### [Exercise input]
########

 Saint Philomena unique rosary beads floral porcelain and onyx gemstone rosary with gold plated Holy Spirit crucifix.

########

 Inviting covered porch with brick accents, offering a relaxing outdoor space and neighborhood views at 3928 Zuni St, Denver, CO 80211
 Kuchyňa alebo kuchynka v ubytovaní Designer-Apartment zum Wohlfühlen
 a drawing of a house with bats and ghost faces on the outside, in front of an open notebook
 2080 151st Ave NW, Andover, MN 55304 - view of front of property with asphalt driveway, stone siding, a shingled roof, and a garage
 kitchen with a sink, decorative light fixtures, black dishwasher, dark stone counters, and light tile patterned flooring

########

### [What to work on]
All lines of the listing holding the string "front" must be returned, copied as they stand.

### [Exercise solution]
 a drawing of a house with bats and ghost faces on the outside, in front of an open notebook
 2080 151st Ave NW, Andover, MN 55304 - view of front of property with asphalt driveway, stone siding, a shingled roof, and a garage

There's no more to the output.